Hidup di Bogor dengan segala kesibukan pekerjaan seringkali membuat penat. Namun, di tengah rutinitas yang padat itu, saya punya cara tersendiri untuk melepas lelah: naik Commuter Line atau KRL.
Berbeda dengan sebagian orang yang menggunakan moda transportasi ini setiap hari untuk bekerja, saya justru menjadikannya "teman setia" saat akhir pekan. Ini bukan sekadar perjalanan dari titik A ke titik B, melainkan ritual pribadi untuk mencuci mata, merenung, dan menikmati jeda dari kesibukan.
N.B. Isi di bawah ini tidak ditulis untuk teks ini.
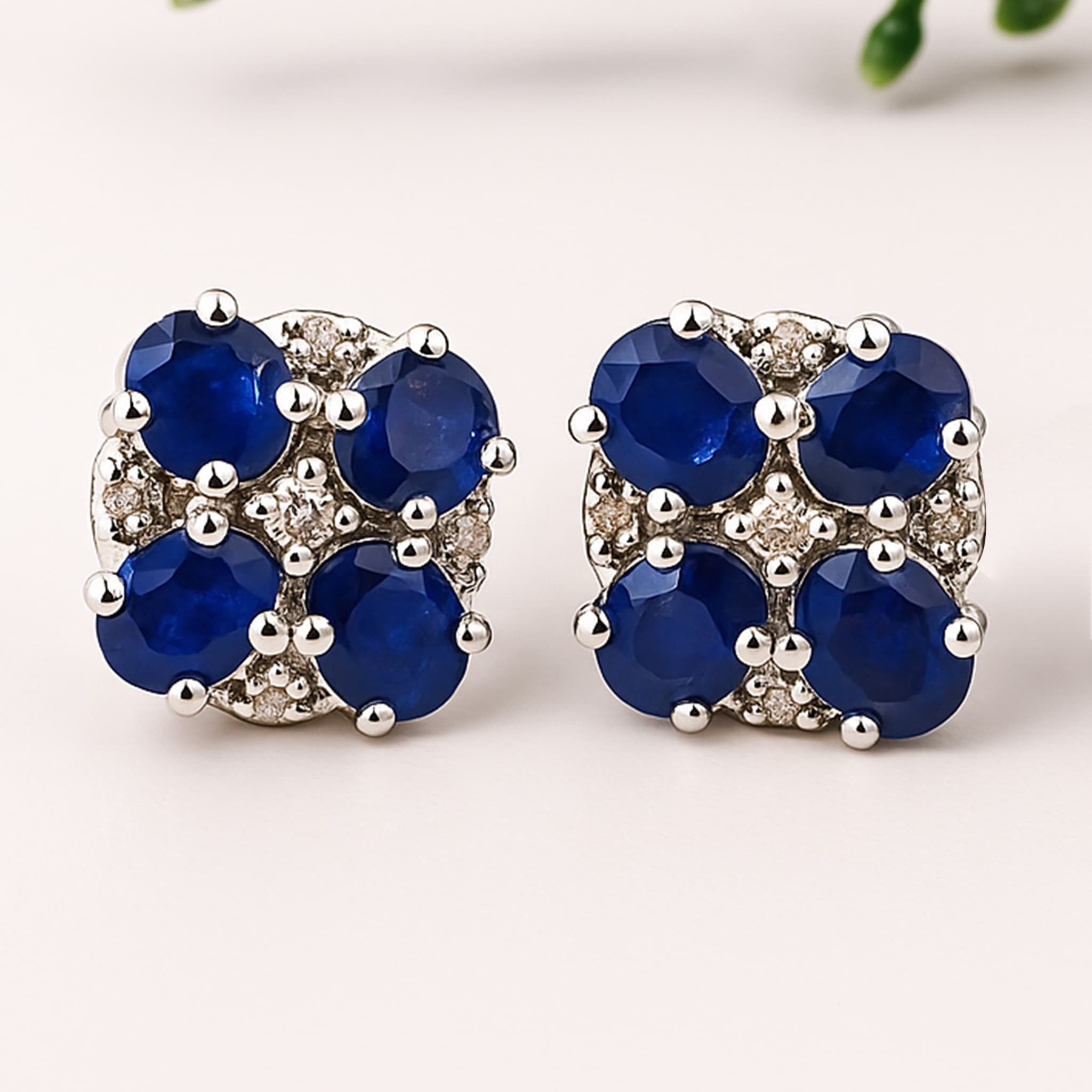 Royal Sapphire Floral Stud Earrings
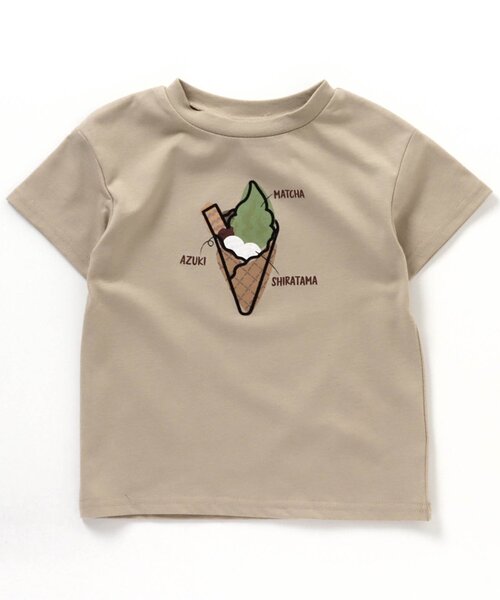 BREEZE（ブリーズ）の「アイスプリントTシャツ（Tシャツ/カットソー・キッズ・サーモンピンク/チャコール/イエロー/ライム/ピンク/レインボー/ベージュ/オフホワイト/サックスブルー/ライトグレー・90/100/110/120/80/130/140）」の4枚目の写真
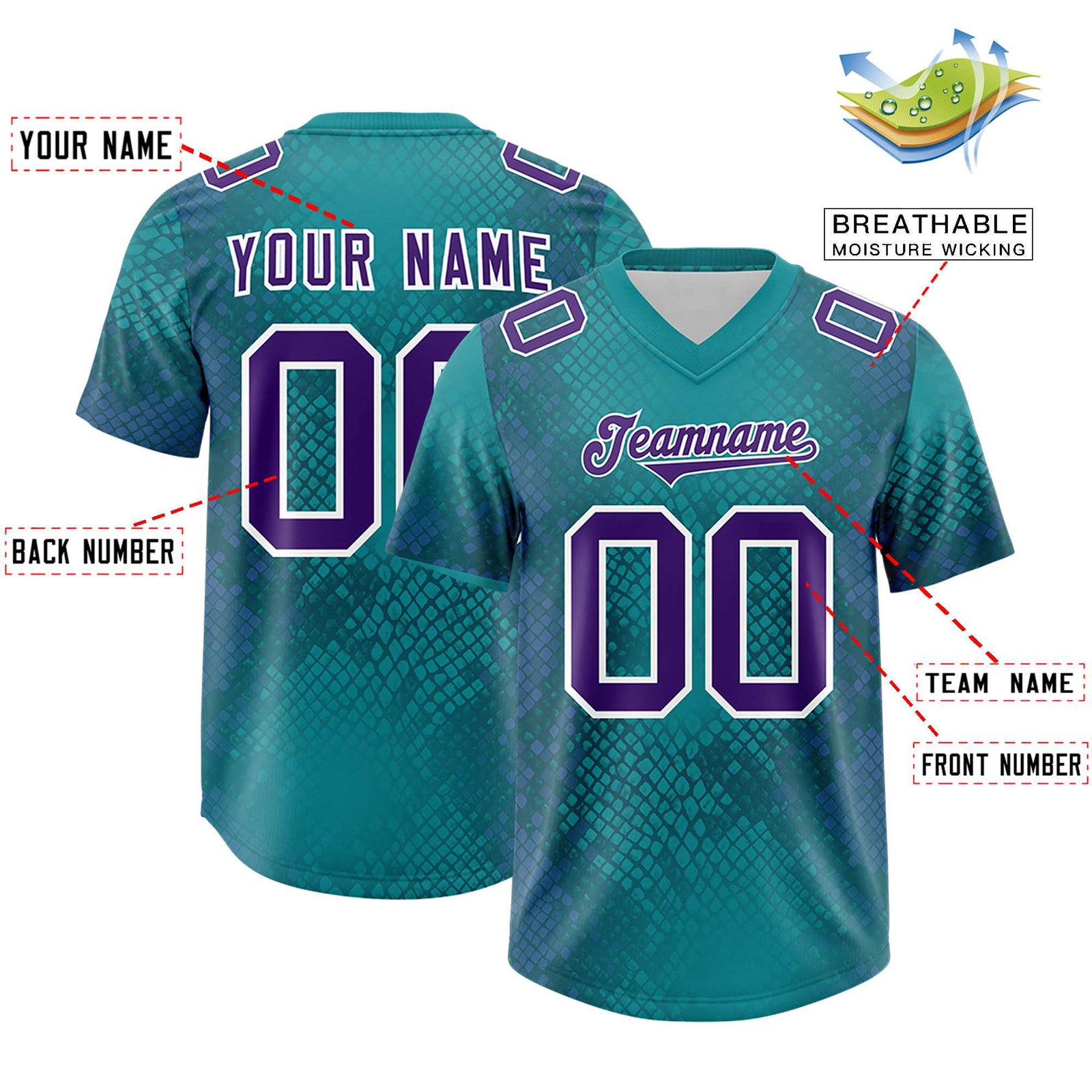 Custom Aqua Personalized Snakeskin Graffiti Pattern Authentic Football Jersey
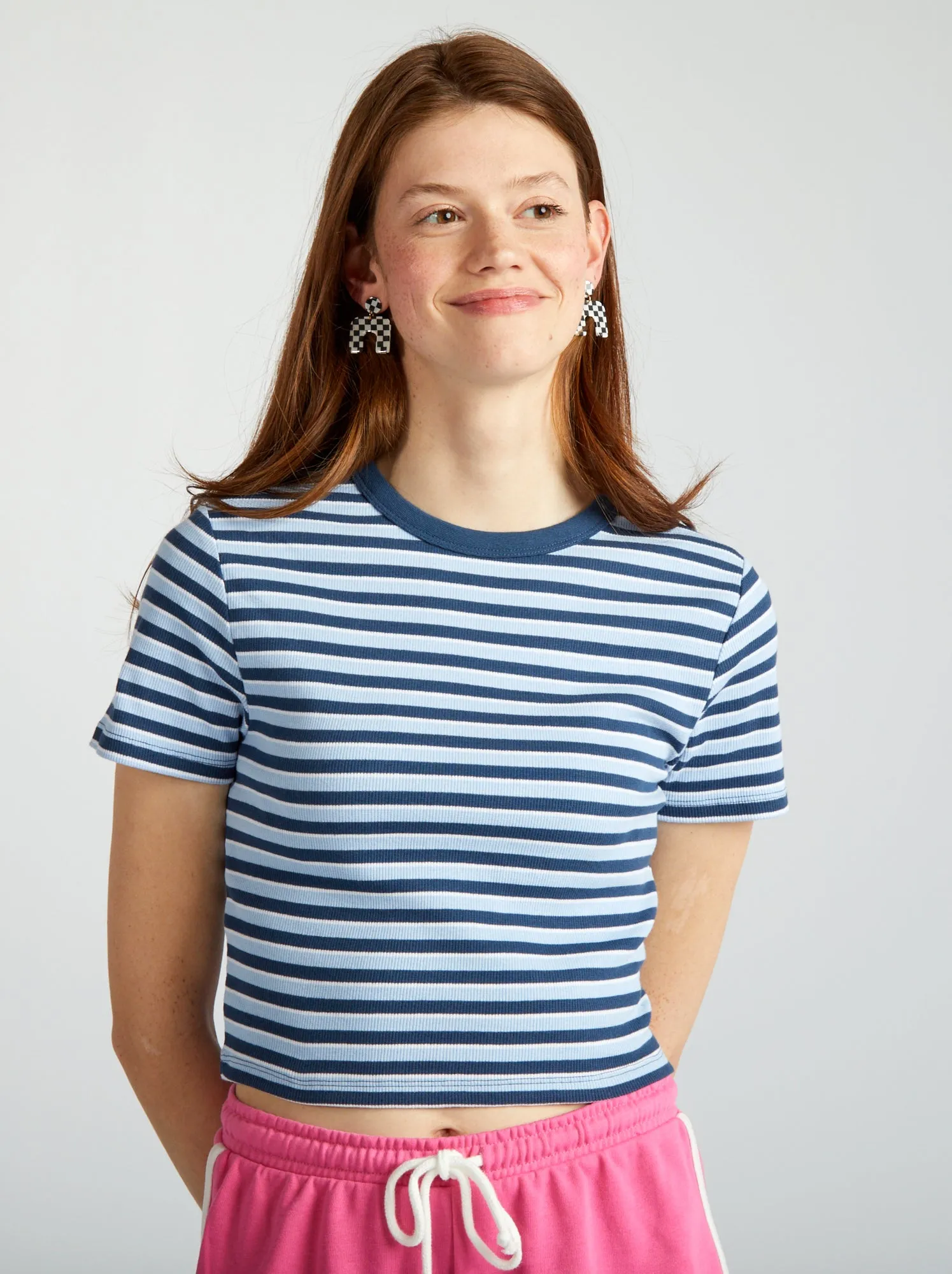 T-shirt crop top alla marinière - BLU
Saat akhir pekan tiba, saya sering memulai perjalanan dari stasiun kecil seperti Nambo atau Cibinong. Bukan untuk mengejar jam masuk kantor, melainkan untuk menikmati momen. Terkadang, tujuannya hanya Bogor Kota, sekadar untuk merasakan keramaian kota dan jajan. Namun tak jarang, saya putar haluan lebih jauh ke Jakarta. Bukan karena ada janji, tapi karena rindu suasana ibu kota dan ingin merasakan pergerakan kereta yang terus melaju.
Di sepanjang jalan, KRL menawarkan lebih dari sekadar perpindahan. Ia adalah ruang nyaman yang dilengkapi AC, kebersihan yang terjaga, dan sistem yang teratur.
Di dalam gerbong yang ramai, saya bisa melihat beragam wajah dan cerita. Ada keluarga yang hendak berekreasi, pasangan yang ingin menghabiskan waktu bersama, atau para pekerja yang baru selesai dinas di hari libur.
KRL menjadi tempat bertemunya berbagai lapisan masyarakat, dari berbagai latar belakang, yang disatukan dalam satu tujuan: mencari kebahagiaan di akhir pekan.
Ada semacam "budaya" tak tertulis yang saya amati di dalam KRL. Saat jam sibuk sekalipun, semua orang tahu cara berbaris rapi. Ketika ada penumpang lansia, ibu hamil, atau anak kecil, secara spontan akan ada yang menawarkan tempat duduk. Ini adalah cerminan dari empati dan kepedulian sosial yang masih hidup.
KRL mengajarkan kita untuk saling berbagi ruang dan waktu, untuk saling memahami, dan untuk menjadi bagian dari sebuah komunitas yang bergerak bersama.
Namun, bagian terbaik dari perjalanan KRL bagi saya adalah pemandangan di sepanjang jalan. Saat kereta melaju kencang, mata saya dimanjakan oleh visualisasi yang beragam. Pemandangan hijau sawah dan pepohonan di pinggiran kota perlahan berganti menjadi rumah-rumah padat penduduk, hingga akhirnya menyatu dengan gedung-gedung pencakar langit di Jakarta. Rasanya seperti menyaksikan sebuah film dokumenter tentang perubahan lanskap dari pinggiran kota ke ibu kota.
Pemandangan ini memberikan saya waktu untuk merenung. Sambil memandang ke luar jendela, saya sering berpikir tentang banyak hal, dari impian kecil hingga rencana besar.